Hoy he recibido una llamada de un
número desconocido. Era mi librero favorito que me llamaba para avisarme de que
el libro que había encargado hace unas semanas ya estaba disponible y que podía
ir a buscarlo. Cuando lo encargué el tipo me dijo que como pronto lo tendría la
primera o segunda semana de septiembre porque iba a tomarse vacaciones las
últimas semanas de agosto, así que mi reacción fue de sorpresa al oírle decir
que hoy mismo podía ir a buscar el ejemplar.
Cuando llegué a buscarlo allí
estaba él, comentando una anécdota de un libro que acababa de leer con una
clienta sobre como sería si Sócrates entrara en el Congreso de los Diputados y
empezara a cuestionar la posición de los parlamentarios (sobra decir que el
solo hecho de imaginarlo es bastante cómico). Le pregunté que qué tal las
vacaciones, me contestó que bien- que las vacaciones siempre iban bien-, pagué
mi libro y salí con una sonrisa considerable.
Llevo yendo a esta librería unos
siete años y llevo siete años sintiendo curiosidad por este hombre. Un hombre
del pueblo que conoce a todo el mundo y que es conocido por todos por ser el
librero que vende libros que ha leído, que no es lo más común hoy en día.
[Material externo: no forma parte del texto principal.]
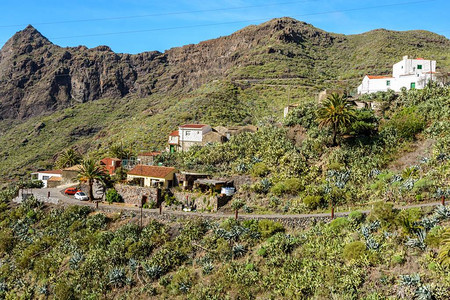 美丽的山路美丽的山路马图片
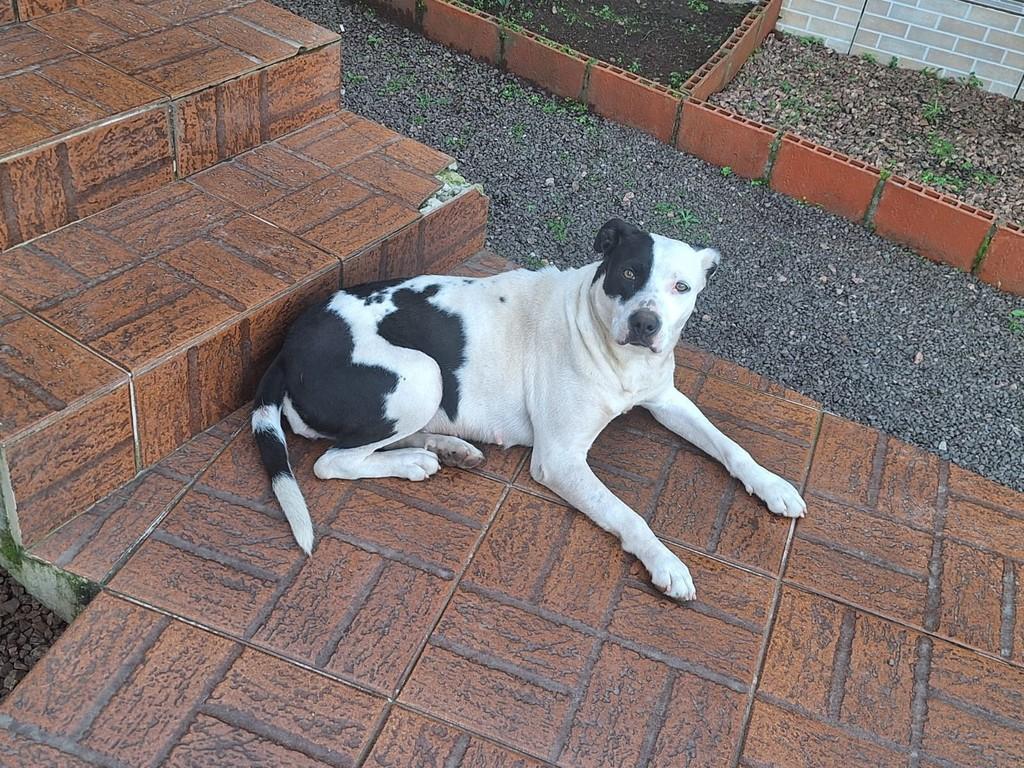 Linda Menina, cadela de porte grande para adoção em Arroio do Meio - RS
Parece el típico hombre que me gustaría tener en las cenas de navidad, con el
que se puede entablar una conversación de horas sobre todo y nada. No sé bien
bien si me lo imagino como mi tío o como mi abuelo...
Hace siete años como mi abuelo,
claramente. Me lo imaginaba sentado en una biblioteca antigua de madera de
roble rodeado de libros con polvo, unas zapatillas de ir por casa, una bata y
una pipa. Me imaginaba pasando las vacaciones de navidad en su enorme mansión
–en la que vivía solo, por supuesto- y entrando en la biblioteca para darle las
buenas noches. Él me daría las buenas noches también y me buscaría alguno de
esos libros que dan los abuelos, como los de Julio Verne, que nunca me
gustaron, pero que si hubiera tenido un abuelo así, quién sabe...
Pero ahora me lo imagino un poco
más como un tío loco, con mucha experiencia (sobre todo entre comunistas)
contando anécdotas en la mesa de navidad que incomodan a los comensales más
conservadores. Anécdotas como dónde estaba el 23 de febrero del 81 y cómo al
ver las noticias se subió al 600 con su novia de entonces, algo de ropa,
pasaporte, el carnet del partido comunista y fueron hacia Francia por si todo
salía mal (“maldito país, siempre hacia atrás” maldiría).
No sé si estas son las fantasías
de alguien sin abuelos o de alguien que ha visto demasiadas películas, pero qué
entrañable es gastar dinero en libros si además te acompañan estas fantasías.